Logo Questions Linux Laravel Mysql Ubuntu Git Menu
 

Atomically change two numbers without using locks

I am creating an append only data structure that resides in memory and appends records serialized to byte arrays to that memory. I need this to be thread safe and extremely fast so I came up with the following code that is working great so far (this is a pseudo code the actual version is more complex and does some other stuff but just to get the idea)

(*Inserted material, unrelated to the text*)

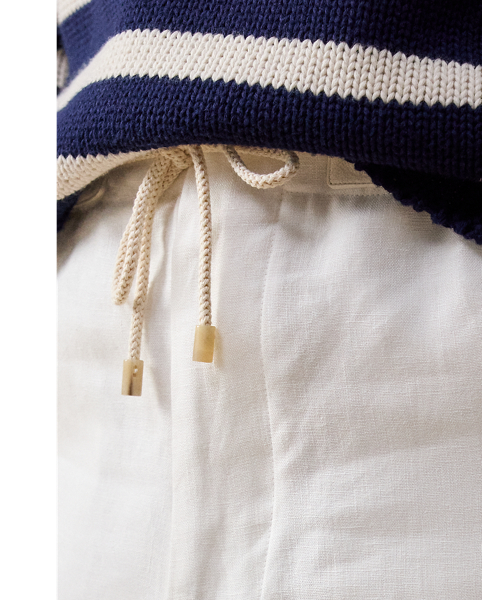 These utilitarian-inspired trousers are hand-tailored in Italy with a lightweight linen fabric that was custom-developed for Purple Label and personally selected by Mr Lauren. They are finished with suede detailing and corozo buttons.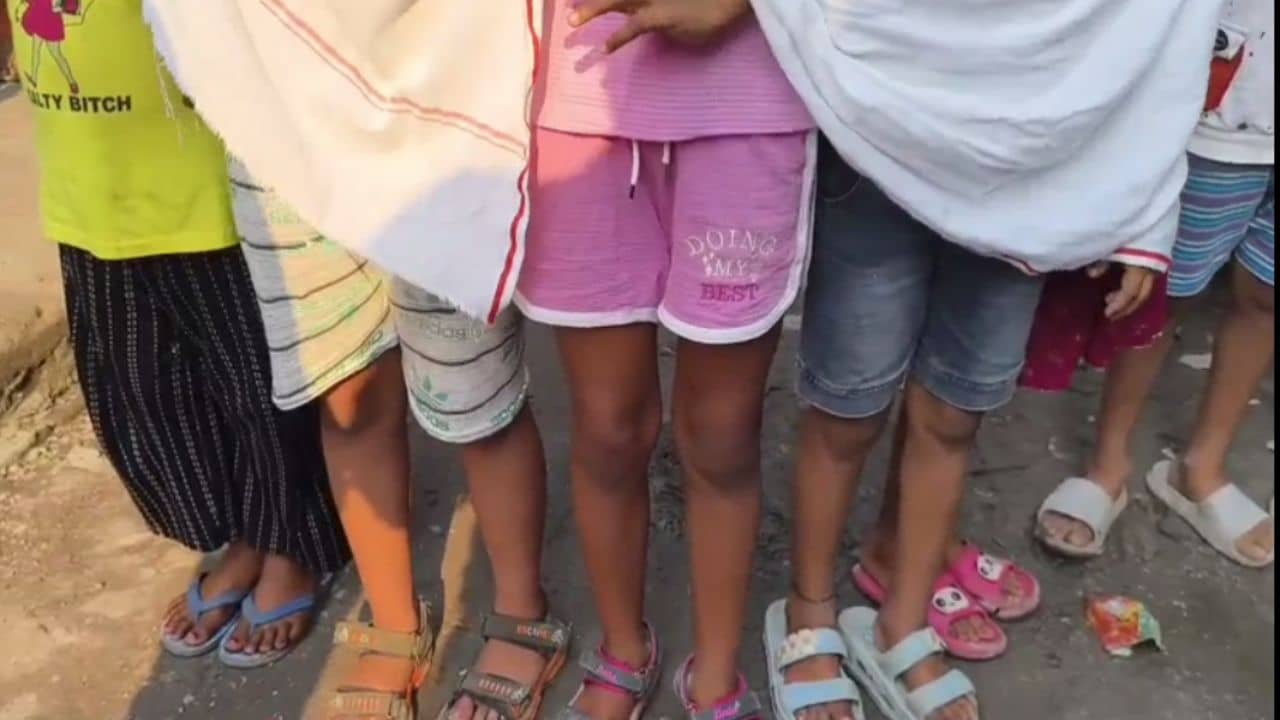 Uttarpara physical harassment: বাথরুমে ঢুকিয়ে বাচ্চাদের গোপনাঙ্গে হাত দিত, মারাত্মক অভিযোগ মাস্টারের বিরুদ্ধে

public sealed class MemoryList : IDisposable
{
    private int nextOffset = 0;
    private readonly MemoryMappedFile file;
    private readonly MemoryMappedViewAccessor va;

    public MemoryList(uint capacity)
    {
        // Some checks on capacity here
        var mapName = Guid.NewGuid().ToString("N");
        this.file = MemoryMappedFile.CreateNew(mapName, capacity);
        this.va = file.CreateViewAccessor(0, capacity);
    }

    public void AppendMessage(byte[] messagePayload)
    {
        if (messagePayload == null) 
            throw new ArgumentNullException(nameof(messagePayload));
        if (messagePayload.Length == 0)
            throw new ArgumentOutOfRangeException(nameof(messagePayload));

        if (TryReserveCapacity(messagePayload.Length, out var offsetToWriteTo))
        {
            this.va.Write(offsetToWriteTo, messagePayload.Length);
            this.va.WriteArray(offsetToWriteTo + sizeof(int), messagePayload, 0, messagePayload.Length);
        }
    }

    private bool TryReserveCapacity(int dataLength, out long reservedOffset)
    {
        // reserve enough room to store data + its size
        var packetSize = sizeof(int) + dataLength;
        reservedOffset = Interlocked.Add(ref this.nextOffset, packetSize) - packetSize;

        if (this.nextOffset <= this.va.Capacity)
            return true;
        reservedOffset = -1;
        return false;
    }

    public void Dispose()
    {
        file?.Dispose();
        va?.Dispose();
    }
}

This is extremely fast and it works very well. I was not able to break it no matter how hard I tried.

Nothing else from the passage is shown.